Considering the rCCA approach, our findings in muscle suggest that the transcriptional adaptor 2A (TADA2A) gene was linked to the four most interconnected FA (positively associated with C20:4n-6, C18:2n-6, and C20:3n-6, respectively, and negatively associated with C18:1n-9). The TADA2A protein is part of the ATAC (Ada-Two-A-Containing) complex that interacts with the TATA-binding protein for transcriptional activation [75]. In addition, TADA2A has been suggested to be involved in de novo hepatic lipogenesis in chickens fed different diets [76]. The level of expression of the calcium regulated heat stable protein 1 (CARHSP1) gene was positively linked to the sixth most interconnected FA (C16:1n-7). In mice, CARHSP1 is regulated by the nutrient status in the liver and was suggested to inhibit hepatic gluconeogenic gene expression via repression of the transcriptional activity of the PPARα transcription factor [77]. Consequently, these two regulators were targets for each other in animals with condition 2 (i.e., more SFA and MUFA but fewer PUFA, and higher IMF content), as well as having shared target genes, such as GOT1, PLIN1, and TFRC. Taken together, these findings point to some of the potential transcriptional circuits through which key regulatory genes exert their impact on their targets and FA. Conversely, FA may also act as signaling candidates to regulate transcription of target genes that encode proteins that are involved in muscle lipid metabolism [78]. In turn, gene expression may also be modulated by FA abundance, as suggested by independent studies that correlate gene expression with FA composition or with IMF content in pig muscle [1, 4, 9, 46, 79, 80]. Other factors can also affect gene expression, such as environmental factors, genetic background, breeding systems, management, and host-factors. It has been reported that the FA composition in pig diets affects subcutaneous IMF FA profile [64, 79]. Recently, Ludwiczak et al. [81] also pointed out that FA profiles (SFA, MUFA, and PUFA) in the loin (e.g., in longissimus thoracis et lumborum muscle) or IMF content of European pigs (e.g., Nero Siciliano, Cinta Sense, and Iberian × Duroc) can be affected by diet or by the interaction between diet and housing system. However, in the present work a uniform diet was provided to all animals.

Conclusions

The findings of this study contribute to a better understanding of the complex relationship between FA composition and gene expression in muscle, but may also reveal patterns of gene expression involving Iberian and Duroc pigs.

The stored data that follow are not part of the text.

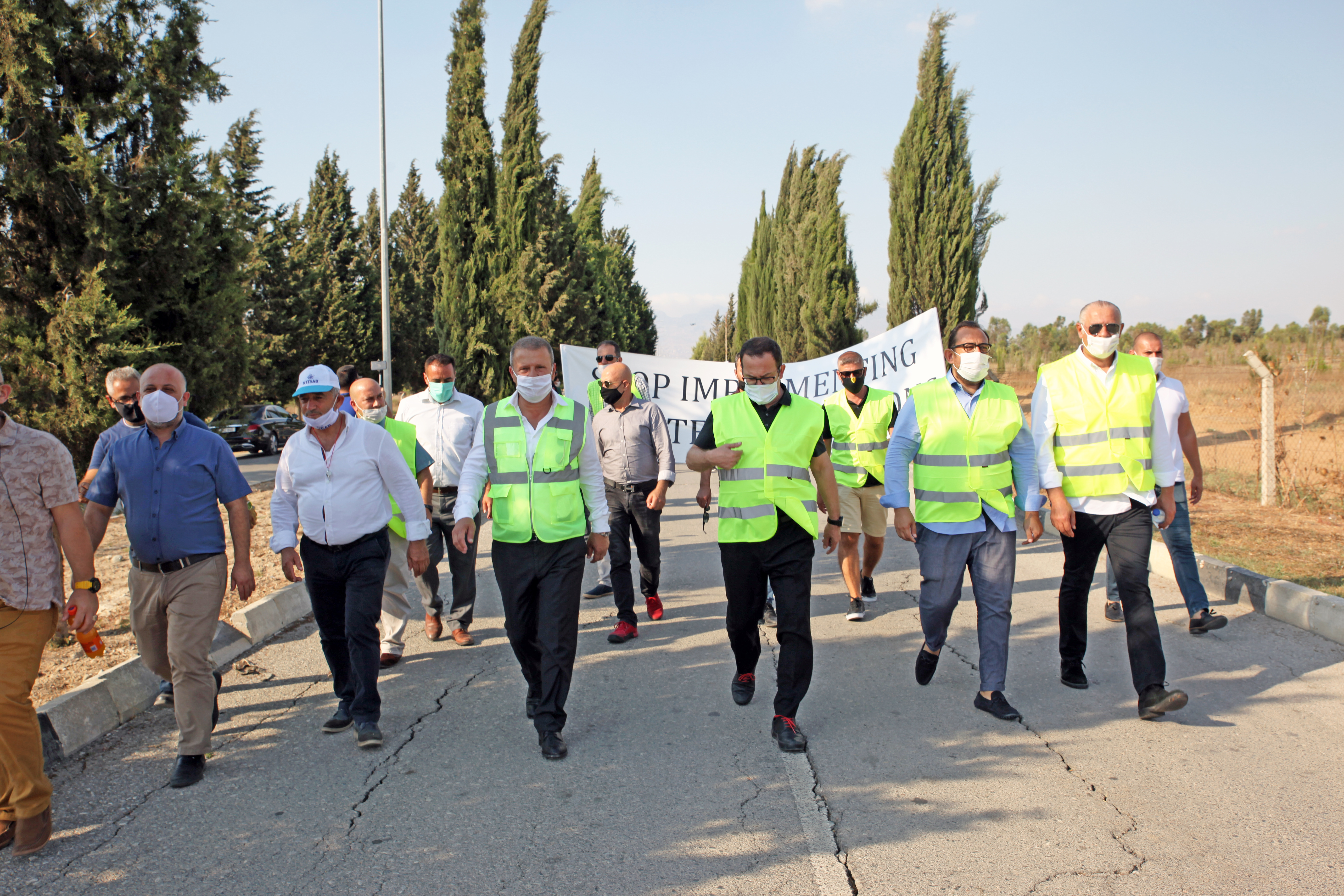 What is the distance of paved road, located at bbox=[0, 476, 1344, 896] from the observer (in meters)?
3.27

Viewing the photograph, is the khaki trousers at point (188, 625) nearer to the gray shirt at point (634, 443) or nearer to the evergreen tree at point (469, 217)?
the gray shirt at point (634, 443)

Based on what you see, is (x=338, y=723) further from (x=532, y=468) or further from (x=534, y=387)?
(x=534, y=387)

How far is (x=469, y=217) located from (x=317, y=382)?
69.8 ft

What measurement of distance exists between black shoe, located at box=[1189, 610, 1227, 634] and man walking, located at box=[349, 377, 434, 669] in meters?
5.42

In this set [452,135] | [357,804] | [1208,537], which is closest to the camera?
[357,804]

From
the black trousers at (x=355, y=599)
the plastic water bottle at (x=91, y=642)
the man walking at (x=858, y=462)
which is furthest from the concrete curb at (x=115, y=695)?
the man walking at (x=858, y=462)

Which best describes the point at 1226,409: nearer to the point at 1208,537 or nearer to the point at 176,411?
the point at 1208,537

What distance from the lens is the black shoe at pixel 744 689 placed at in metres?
5.03

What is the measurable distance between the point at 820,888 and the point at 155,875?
7.99 ft

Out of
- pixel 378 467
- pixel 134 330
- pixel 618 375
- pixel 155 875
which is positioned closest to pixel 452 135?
pixel 134 330

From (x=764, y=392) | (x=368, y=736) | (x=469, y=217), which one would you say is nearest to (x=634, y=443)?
(x=764, y=392)

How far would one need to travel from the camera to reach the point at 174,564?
4289 millimetres

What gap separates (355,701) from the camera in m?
4.62

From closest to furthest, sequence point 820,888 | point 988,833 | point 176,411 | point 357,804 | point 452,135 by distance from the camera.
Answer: point 820,888
point 988,833
point 357,804
point 176,411
point 452,135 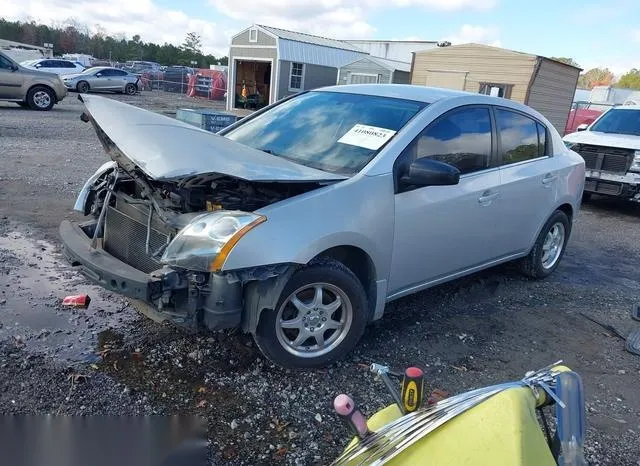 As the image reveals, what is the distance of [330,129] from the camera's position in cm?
395

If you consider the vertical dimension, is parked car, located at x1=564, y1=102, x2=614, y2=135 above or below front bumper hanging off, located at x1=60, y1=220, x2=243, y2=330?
above

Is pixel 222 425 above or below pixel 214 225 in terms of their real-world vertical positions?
below

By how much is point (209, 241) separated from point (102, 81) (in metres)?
29.0

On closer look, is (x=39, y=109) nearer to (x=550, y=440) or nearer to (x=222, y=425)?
(x=222, y=425)

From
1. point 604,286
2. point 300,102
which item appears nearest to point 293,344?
point 300,102

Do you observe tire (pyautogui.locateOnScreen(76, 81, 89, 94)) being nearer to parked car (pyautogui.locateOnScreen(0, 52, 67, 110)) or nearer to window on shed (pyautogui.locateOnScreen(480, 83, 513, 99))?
A: parked car (pyautogui.locateOnScreen(0, 52, 67, 110))

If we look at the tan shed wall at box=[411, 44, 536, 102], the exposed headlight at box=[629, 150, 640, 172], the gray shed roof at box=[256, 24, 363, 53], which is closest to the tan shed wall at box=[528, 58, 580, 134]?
the tan shed wall at box=[411, 44, 536, 102]

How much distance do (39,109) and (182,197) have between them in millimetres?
16724

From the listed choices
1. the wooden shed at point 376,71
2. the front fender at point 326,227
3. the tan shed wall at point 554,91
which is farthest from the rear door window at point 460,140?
the wooden shed at point 376,71

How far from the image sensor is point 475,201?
4.06 m

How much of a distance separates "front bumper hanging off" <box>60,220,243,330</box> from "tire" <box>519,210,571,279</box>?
346 centimetres

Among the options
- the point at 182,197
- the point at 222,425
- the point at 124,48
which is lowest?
the point at 222,425

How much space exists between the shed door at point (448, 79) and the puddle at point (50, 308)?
18.1 meters

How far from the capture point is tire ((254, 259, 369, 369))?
10.1ft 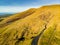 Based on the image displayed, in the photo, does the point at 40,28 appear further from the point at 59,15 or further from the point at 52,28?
the point at 59,15

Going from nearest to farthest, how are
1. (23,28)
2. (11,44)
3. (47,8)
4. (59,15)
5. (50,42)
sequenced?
(50,42)
(11,44)
(23,28)
(59,15)
(47,8)

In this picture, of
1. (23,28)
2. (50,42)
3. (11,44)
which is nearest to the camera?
(50,42)

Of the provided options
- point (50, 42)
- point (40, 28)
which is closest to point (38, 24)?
point (40, 28)

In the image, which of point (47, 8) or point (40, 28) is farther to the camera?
point (47, 8)

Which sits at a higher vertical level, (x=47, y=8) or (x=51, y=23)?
(x=47, y=8)

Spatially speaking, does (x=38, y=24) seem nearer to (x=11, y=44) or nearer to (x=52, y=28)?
(x=52, y=28)

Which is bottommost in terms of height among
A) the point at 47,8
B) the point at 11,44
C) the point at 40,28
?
the point at 11,44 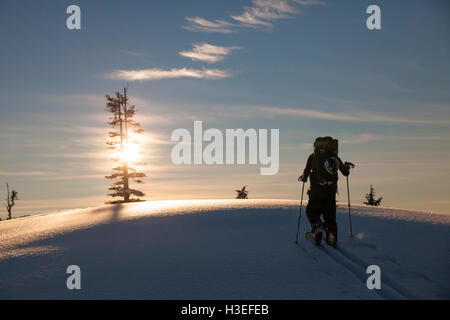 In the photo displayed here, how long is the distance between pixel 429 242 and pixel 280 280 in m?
4.45

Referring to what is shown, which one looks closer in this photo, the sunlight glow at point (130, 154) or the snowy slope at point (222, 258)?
the snowy slope at point (222, 258)

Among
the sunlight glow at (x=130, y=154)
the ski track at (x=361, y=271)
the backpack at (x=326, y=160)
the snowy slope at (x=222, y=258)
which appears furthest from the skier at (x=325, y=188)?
the sunlight glow at (x=130, y=154)

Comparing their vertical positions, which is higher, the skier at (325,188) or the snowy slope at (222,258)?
the skier at (325,188)

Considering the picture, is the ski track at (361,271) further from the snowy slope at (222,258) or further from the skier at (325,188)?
the skier at (325,188)

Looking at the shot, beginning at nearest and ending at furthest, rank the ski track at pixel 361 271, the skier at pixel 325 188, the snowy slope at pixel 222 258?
the ski track at pixel 361 271 → the snowy slope at pixel 222 258 → the skier at pixel 325 188

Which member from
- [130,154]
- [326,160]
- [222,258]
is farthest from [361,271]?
[130,154]

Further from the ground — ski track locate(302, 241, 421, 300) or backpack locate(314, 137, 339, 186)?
backpack locate(314, 137, 339, 186)

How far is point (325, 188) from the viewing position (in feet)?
28.4

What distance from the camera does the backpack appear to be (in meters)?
8.62

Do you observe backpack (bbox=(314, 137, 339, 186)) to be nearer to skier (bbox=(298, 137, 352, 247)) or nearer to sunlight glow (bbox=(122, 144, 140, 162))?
skier (bbox=(298, 137, 352, 247))

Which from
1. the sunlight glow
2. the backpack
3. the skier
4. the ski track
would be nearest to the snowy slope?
the ski track

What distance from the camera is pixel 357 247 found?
846cm

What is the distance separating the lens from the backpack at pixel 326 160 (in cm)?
862

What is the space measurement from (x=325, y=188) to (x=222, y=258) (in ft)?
9.76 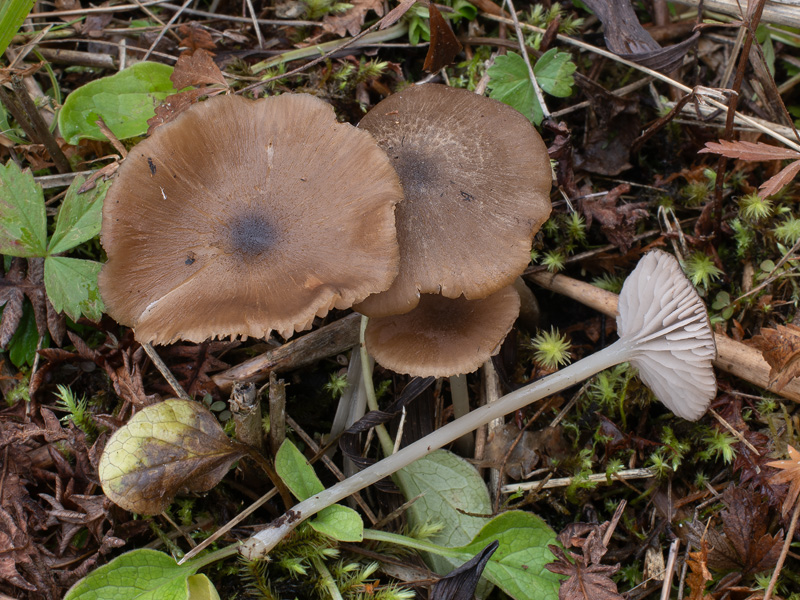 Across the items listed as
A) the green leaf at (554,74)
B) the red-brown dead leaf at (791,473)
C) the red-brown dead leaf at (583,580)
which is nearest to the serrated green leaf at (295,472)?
the red-brown dead leaf at (583,580)

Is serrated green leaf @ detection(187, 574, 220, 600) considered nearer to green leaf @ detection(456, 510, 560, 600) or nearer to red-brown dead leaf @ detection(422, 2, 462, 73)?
green leaf @ detection(456, 510, 560, 600)

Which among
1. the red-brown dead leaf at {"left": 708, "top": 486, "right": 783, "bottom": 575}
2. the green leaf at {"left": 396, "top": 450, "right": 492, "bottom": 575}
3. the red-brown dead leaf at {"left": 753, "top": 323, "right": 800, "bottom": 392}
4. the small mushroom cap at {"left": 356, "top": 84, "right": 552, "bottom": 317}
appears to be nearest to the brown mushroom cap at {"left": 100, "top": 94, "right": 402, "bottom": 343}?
the small mushroom cap at {"left": 356, "top": 84, "right": 552, "bottom": 317}

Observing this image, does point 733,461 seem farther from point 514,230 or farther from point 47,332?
point 47,332

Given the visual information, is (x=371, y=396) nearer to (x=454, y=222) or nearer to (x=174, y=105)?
(x=454, y=222)

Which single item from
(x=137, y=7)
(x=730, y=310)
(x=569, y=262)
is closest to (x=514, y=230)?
(x=569, y=262)

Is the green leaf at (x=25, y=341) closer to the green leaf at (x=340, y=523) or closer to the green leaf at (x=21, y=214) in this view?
the green leaf at (x=21, y=214)

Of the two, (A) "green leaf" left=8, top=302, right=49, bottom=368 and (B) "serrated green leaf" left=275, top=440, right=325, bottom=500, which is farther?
(A) "green leaf" left=8, top=302, right=49, bottom=368

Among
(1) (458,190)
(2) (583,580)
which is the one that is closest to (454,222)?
(1) (458,190) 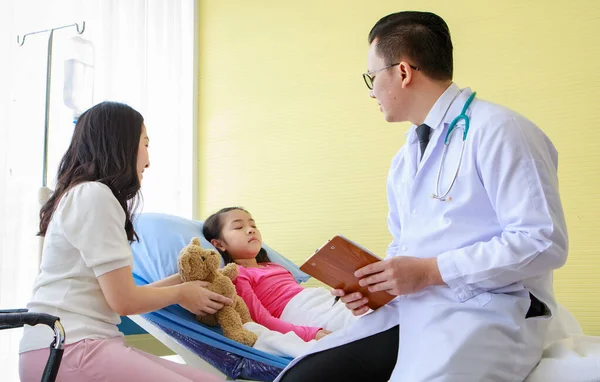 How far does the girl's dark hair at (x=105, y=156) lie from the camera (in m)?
1.75

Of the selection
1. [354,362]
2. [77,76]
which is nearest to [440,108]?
[354,362]

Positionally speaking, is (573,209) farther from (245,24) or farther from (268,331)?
(245,24)

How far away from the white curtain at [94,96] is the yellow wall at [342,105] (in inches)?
7.3

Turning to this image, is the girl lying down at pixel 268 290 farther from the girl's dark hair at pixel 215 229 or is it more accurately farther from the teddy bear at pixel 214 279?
the teddy bear at pixel 214 279

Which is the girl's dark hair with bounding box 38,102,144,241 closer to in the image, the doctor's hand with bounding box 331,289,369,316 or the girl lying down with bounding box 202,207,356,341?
the doctor's hand with bounding box 331,289,369,316

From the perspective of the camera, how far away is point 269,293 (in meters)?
2.52

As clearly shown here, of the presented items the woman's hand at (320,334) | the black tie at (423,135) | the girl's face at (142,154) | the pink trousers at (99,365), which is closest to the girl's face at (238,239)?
the woman's hand at (320,334)

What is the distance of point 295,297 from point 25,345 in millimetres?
1101

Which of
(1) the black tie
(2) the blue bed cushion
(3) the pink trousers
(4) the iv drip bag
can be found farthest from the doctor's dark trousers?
(4) the iv drip bag

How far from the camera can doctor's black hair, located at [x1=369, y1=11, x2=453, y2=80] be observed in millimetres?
1589

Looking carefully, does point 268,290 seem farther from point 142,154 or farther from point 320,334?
point 142,154

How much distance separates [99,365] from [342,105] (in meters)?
2.11

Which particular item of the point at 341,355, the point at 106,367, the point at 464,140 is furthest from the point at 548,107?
the point at 106,367

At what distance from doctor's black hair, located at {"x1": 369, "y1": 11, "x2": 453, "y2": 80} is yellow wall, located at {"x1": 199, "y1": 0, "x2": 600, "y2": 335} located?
1.47m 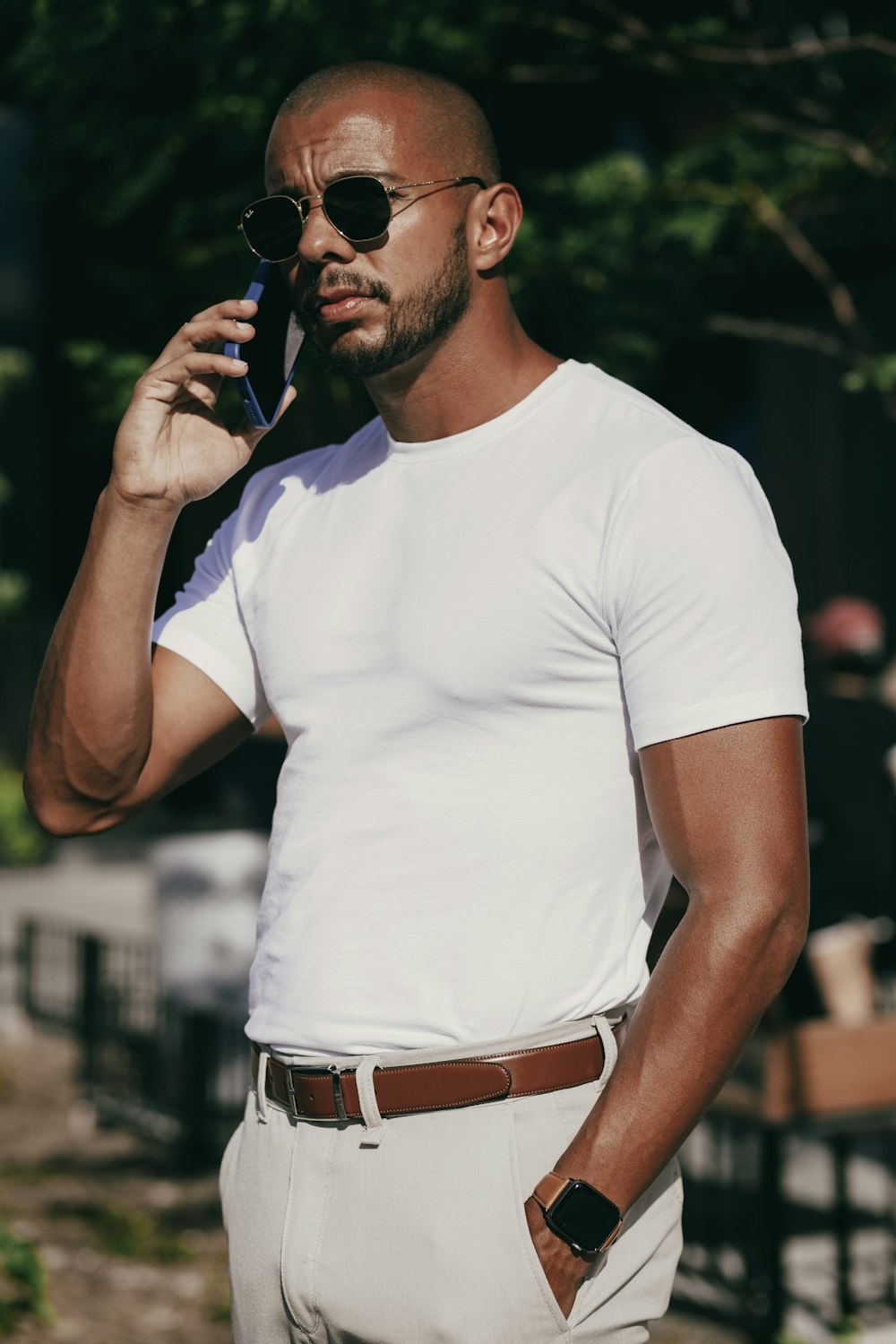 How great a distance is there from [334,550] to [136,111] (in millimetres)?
2283

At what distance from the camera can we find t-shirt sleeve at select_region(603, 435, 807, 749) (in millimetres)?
2033

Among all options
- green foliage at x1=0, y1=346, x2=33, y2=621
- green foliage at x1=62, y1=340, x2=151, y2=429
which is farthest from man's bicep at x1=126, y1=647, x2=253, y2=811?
green foliage at x1=0, y1=346, x2=33, y2=621

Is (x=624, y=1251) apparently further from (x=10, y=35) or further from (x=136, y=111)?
(x=10, y=35)

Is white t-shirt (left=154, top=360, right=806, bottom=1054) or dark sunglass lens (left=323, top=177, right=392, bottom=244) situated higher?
dark sunglass lens (left=323, top=177, right=392, bottom=244)

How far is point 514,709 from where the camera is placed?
2178mm

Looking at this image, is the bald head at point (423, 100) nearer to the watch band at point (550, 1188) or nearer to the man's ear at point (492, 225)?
the man's ear at point (492, 225)

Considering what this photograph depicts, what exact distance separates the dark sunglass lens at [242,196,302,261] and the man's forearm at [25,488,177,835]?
0.44 m

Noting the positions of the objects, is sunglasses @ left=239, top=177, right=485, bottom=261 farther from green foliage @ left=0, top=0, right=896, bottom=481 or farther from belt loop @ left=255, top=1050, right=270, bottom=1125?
green foliage @ left=0, top=0, right=896, bottom=481

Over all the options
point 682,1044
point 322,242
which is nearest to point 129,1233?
point 682,1044

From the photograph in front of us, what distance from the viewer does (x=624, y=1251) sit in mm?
2191

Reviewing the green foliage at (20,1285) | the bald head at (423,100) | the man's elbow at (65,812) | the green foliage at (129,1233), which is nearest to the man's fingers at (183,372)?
the bald head at (423,100)

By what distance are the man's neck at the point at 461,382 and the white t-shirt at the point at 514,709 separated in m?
0.04

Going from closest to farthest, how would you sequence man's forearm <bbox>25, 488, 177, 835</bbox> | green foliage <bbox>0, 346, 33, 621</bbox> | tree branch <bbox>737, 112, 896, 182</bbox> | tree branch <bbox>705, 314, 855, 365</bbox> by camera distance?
man's forearm <bbox>25, 488, 177, 835</bbox> → tree branch <bbox>737, 112, 896, 182</bbox> → tree branch <bbox>705, 314, 855, 365</bbox> → green foliage <bbox>0, 346, 33, 621</bbox>

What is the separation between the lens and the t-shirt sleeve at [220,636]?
2598 mm
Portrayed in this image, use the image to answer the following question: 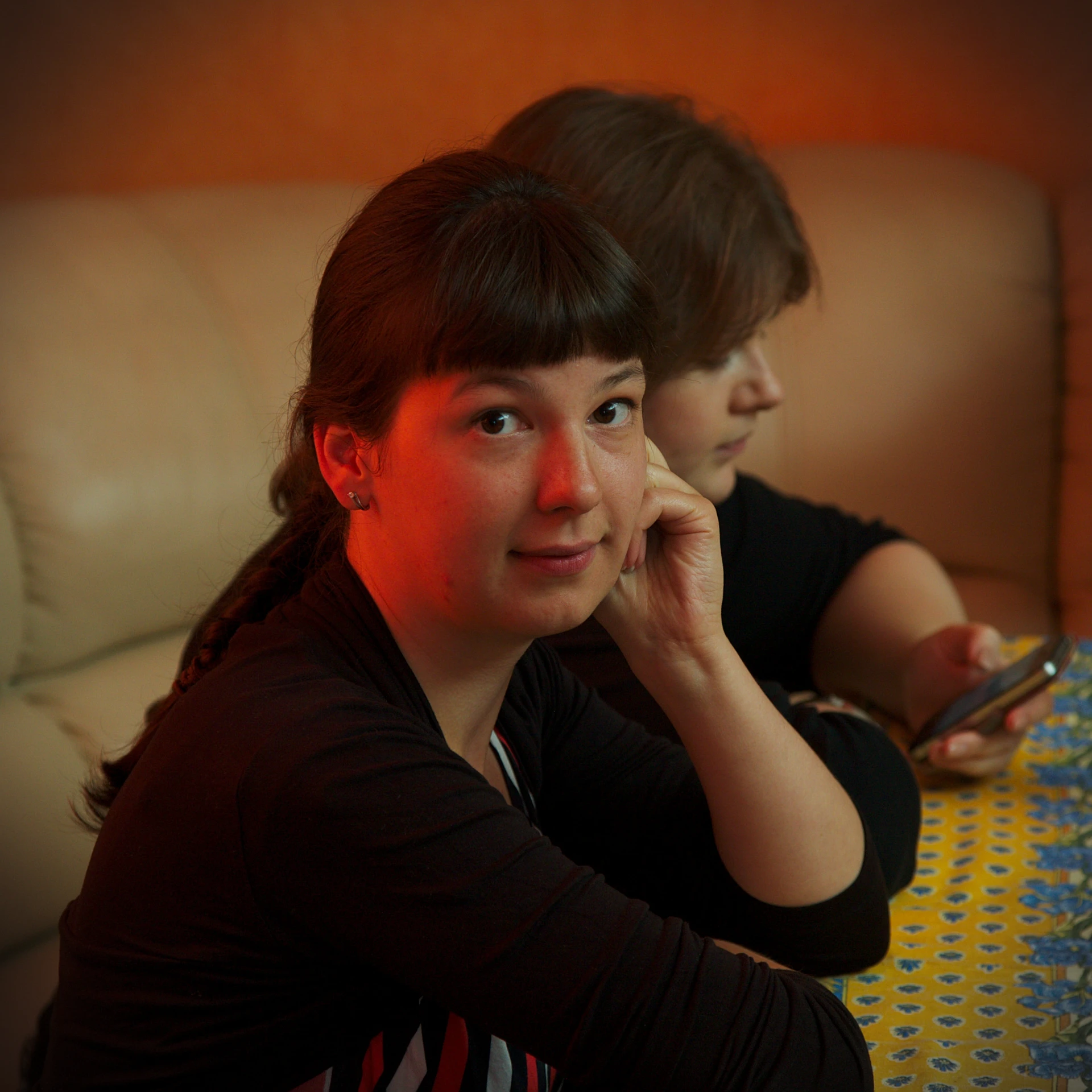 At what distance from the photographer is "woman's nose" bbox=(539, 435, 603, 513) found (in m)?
0.69

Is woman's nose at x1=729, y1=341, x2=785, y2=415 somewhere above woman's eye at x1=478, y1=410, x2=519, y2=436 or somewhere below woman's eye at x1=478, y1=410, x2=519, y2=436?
below

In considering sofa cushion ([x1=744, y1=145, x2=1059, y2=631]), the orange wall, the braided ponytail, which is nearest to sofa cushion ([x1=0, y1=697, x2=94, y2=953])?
the braided ponytail

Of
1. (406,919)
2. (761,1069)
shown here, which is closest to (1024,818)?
(761,1069)

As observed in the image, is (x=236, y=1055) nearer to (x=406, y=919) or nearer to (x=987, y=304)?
(x=406, y=919)

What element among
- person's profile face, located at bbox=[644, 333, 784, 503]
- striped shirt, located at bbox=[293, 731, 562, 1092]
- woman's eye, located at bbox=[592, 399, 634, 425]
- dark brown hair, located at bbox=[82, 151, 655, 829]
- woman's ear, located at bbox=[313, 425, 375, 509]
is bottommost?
striped shirt, located at bbox=[293, 731, 562, 1092]

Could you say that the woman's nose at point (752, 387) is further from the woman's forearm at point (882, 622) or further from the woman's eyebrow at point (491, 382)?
the woman's eyebrow at point (491, 382)

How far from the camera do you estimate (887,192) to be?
2.01 metres

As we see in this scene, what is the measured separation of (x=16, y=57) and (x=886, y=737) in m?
1.57

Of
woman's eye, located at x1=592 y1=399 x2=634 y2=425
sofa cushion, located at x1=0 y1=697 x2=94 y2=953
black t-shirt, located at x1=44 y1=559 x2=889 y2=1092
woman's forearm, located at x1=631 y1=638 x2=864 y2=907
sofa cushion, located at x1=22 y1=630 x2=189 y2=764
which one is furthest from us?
sofa cushion, located at x1=22 y1=630 x2=189 y2=764

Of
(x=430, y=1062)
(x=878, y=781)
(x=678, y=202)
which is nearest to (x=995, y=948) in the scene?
(x=878, y=781)

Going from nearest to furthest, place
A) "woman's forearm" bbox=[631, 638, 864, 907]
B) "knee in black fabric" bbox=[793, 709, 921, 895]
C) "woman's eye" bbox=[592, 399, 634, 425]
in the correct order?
"woman's eye" bbox=[592, 399, 634, 425], "woman's forearm" bbox=[631, 638, 864, 907], "knee in black fabric" bbox=[793, 709, 921, 895]

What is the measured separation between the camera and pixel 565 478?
2.25ft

Based on the results of the rCCA, functional analysis, RIF analysis, prediction of target genes, and supporting literature, all the genes discussed above are promising candidates for muscle lipid deposition and FA composition in Iberian and Duroc pigs. Our rCCA-derived findings highlighted genes encoding enzymes associated with fat deposition, but also bioprocesses and metabolic pathways involved in the determination of FA traits. Using a complementary RIF analysis, we proposed two novel regulators (TADA2A and CARHSP1) for intramuscular FA metabolism. Functional analyses at the GO and pathway levels reinforced the significance of biological processes associated with energy, lipid, and carbohydrate metabolism, as well as of the KEGG pathway of regulation of lipolysis in adipocytes in muscle tissue. Furthermore, our results highlighted the ADIPOQ, ELOVL6, G0S2, HMGCR, LEP, LPIN1, PLIN1, PNPLA8, and SFRP5 genes for their lipogenic and/or lipolytic potential to contribute to intramuscular FA composition. Our study also identified the endogenous antioxidant enzyme SOD3 as having a promising role in regulation of adipogenesis in pig muscle.